Mr. Speaker, it gives me great pleasure to take part in this debate tonight with my hon. colleague in the House. The issue being debated tonight is an important one. It is central to the operation of this institution of Parliament. One of the most fundamental missions of the House is to provide a forum in which the government can be held accountable for its actions, especially for how it spends public funds.
The people's right to control how public funds are collected and spent is one of the cornerstones of democratic government. In Canada, like other parliamentary democracies, this control is carried out on behalf of the people by their elected representatives, and that is us, the members of Parliament.

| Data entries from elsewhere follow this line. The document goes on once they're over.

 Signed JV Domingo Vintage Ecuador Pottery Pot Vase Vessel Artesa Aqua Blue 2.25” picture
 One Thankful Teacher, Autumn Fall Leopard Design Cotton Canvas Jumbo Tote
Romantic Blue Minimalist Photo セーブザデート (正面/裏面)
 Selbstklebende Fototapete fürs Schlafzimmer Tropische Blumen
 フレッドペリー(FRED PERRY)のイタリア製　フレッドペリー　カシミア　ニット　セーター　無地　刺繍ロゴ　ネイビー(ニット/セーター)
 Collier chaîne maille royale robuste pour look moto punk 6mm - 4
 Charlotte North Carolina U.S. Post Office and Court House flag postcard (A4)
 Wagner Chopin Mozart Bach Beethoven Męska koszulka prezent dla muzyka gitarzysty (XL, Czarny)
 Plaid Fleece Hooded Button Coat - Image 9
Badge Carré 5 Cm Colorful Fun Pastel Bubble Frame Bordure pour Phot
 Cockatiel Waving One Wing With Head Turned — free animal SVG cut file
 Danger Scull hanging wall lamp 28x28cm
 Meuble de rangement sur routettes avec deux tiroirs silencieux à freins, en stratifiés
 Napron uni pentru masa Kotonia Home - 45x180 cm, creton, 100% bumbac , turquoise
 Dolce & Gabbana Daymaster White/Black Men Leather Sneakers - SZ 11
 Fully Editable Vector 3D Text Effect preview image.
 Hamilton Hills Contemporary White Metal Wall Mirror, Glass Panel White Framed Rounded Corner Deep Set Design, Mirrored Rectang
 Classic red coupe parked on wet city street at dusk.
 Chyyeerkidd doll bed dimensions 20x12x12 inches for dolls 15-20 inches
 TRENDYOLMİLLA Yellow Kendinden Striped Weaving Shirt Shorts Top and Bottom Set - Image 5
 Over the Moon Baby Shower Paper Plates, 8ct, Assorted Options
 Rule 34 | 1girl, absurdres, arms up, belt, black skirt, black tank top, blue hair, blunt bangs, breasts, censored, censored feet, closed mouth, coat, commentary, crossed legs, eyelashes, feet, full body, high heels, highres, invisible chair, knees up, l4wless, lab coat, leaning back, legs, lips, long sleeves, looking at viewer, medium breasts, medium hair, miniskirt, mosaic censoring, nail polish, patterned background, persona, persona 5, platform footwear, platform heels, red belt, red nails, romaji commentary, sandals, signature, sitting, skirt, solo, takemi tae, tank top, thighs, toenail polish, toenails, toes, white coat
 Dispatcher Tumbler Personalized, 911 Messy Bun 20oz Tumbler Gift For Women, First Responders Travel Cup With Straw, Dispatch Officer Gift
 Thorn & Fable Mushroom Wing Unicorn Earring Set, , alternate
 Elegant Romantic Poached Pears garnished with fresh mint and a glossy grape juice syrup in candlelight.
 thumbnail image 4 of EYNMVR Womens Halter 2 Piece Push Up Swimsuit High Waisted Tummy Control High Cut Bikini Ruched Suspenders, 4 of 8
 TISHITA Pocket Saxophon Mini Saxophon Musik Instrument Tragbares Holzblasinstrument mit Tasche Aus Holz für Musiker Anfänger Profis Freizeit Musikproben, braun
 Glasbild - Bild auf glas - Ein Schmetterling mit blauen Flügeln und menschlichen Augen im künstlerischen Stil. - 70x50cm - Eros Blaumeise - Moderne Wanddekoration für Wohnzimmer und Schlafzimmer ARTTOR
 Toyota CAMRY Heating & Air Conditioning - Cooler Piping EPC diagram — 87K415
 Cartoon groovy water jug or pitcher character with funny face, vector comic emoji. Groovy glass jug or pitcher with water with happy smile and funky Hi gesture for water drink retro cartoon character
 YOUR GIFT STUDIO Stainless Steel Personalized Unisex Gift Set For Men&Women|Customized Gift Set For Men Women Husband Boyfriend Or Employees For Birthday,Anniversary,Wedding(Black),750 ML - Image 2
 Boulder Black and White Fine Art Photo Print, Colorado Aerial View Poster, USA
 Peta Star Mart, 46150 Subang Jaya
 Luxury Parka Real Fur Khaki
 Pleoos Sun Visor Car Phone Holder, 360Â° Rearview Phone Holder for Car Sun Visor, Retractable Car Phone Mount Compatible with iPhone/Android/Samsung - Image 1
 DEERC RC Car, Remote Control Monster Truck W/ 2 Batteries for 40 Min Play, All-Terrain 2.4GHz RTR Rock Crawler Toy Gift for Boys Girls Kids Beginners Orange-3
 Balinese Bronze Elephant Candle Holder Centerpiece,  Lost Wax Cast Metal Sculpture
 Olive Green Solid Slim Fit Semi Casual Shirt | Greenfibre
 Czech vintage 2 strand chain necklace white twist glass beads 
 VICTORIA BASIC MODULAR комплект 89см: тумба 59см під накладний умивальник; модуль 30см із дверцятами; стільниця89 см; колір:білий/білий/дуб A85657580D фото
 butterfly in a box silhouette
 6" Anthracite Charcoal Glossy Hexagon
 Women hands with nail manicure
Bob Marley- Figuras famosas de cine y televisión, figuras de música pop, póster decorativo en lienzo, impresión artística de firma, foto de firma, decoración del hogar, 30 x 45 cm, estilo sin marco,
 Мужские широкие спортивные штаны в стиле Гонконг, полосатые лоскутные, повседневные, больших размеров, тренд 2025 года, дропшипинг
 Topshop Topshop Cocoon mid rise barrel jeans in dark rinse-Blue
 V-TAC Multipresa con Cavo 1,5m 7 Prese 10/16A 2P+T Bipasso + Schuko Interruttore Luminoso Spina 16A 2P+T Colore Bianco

Over the years, Parliament has given itself the tools it needs to make sure that the government remains accountable to the people of this country, that the government lives up to its commitments to deliver results to Canadians, and achieves the best possible value for money with every decision, with every policy, with every program. The Auditor General has played an invaluable role in this regard.
When the Office of the Auditor General was created by legislation, coincidentally 125 years ago today, it was seen as a means to promote good and effective governance in this country by ensuring that public funds would be spent wisely and effectively. The fundamental mission has remained unchanged to this day. For 125 years, a dialogue has been ongoing among the Office of the Auditor General, the government and Parliament. This dialogue is partly responsible for Canada being recognized today as having one of the most modern and efficient public services in the world, if not one of the best systems of government in the world.
The issue raised tonight by the member for South Shore is whether, given this important role, the Office of the Auditor General is being supplied an adequate level of funding by Parliament. It must be said that funding for the Auditor General's office already has increased considerably in recent years. Like most other government departments and agencies, the Auditor General's budget was reduced in the 1990s, after hitting a high of $60 million in the 1993-94 fiscal year. As the public accounts records will show, the entire shortfall was made up fully by fiscal year 2000-01. Since then, the Auditor General's budget has climbed steadily from $60 million to nearly $72.5 million in 2002-03. This represents a 20% increase over three years.
In 2002-03 alone, the OAG was granted a $9.2 million increase by Treasury Board. This represents a 13% increase in one year alone. I am sure that most members of the House and certainly most ministers who sit around the cabinet table would characterize a 13% increase as very sympathetic.
There is a process in place for the Auditor General to request additional funds from Parliament and it is through the Treasury Board. If recent practice by the government is any indication, it would seem that the Treasury Board has responded quite actively and supportively to requests for additional funding from the Auditor General.